(Caption-style text data)
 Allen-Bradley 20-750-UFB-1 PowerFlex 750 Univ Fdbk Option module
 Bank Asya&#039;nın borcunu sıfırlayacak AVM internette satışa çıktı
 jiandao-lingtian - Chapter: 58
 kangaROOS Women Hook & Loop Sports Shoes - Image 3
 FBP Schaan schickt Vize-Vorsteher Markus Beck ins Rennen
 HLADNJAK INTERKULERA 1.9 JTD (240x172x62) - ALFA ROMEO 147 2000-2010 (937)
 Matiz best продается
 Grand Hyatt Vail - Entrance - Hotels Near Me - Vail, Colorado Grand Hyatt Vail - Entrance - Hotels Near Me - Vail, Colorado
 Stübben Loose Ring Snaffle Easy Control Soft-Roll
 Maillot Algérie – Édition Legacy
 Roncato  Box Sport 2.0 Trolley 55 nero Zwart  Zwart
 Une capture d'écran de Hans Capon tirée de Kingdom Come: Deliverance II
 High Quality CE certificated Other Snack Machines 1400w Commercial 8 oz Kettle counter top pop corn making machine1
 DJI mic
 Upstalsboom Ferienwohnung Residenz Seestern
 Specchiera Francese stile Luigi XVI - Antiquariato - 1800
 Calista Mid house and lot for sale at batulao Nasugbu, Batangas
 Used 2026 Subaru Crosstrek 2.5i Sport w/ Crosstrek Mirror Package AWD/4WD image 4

### Problem statement
The lines from the beginning of the records through the line containing "Une capture d'écran" should be reproduced exactly. Include nothing else.

### Result of this task
 Allen-Bradley 20-750-UFB-1 PowerFlex 750 Univ Fdbk Option module
 Bank Asya&#039;nın borcunu sıfırlayacak AVM internette satışa çıktı
 jiandao-lingtian - Chapter: 58
 kangaROOS Women Hook & Loop Sports Shoes - Image 3
 FBP Schaan schickt Vize-Vorsteher Markus Beck ins Rennen
 HLADNJAK INTERKULERA 1.9 JTD (240x172x62) - ALFA ROMEO 147 2000-2010 (937)
 Matiz best продается
 Grand Hyatt Vail - Entrance - Hotels Near Me - Vail, Colorado Grand Hyatt Vail - Entrance - Hotels Near Me - Vail, Colorado
 Stübben Loose Ring Snaffle Easy Control Soft-Roll
 Maillot Algérie – Édition Legacy
 Roncato  Box Sport 2.0 Trolley 55 nero Zwart  Zwart
 Une capture d'écran de Hans Capon tirée de Kingdom Come: Deliverance II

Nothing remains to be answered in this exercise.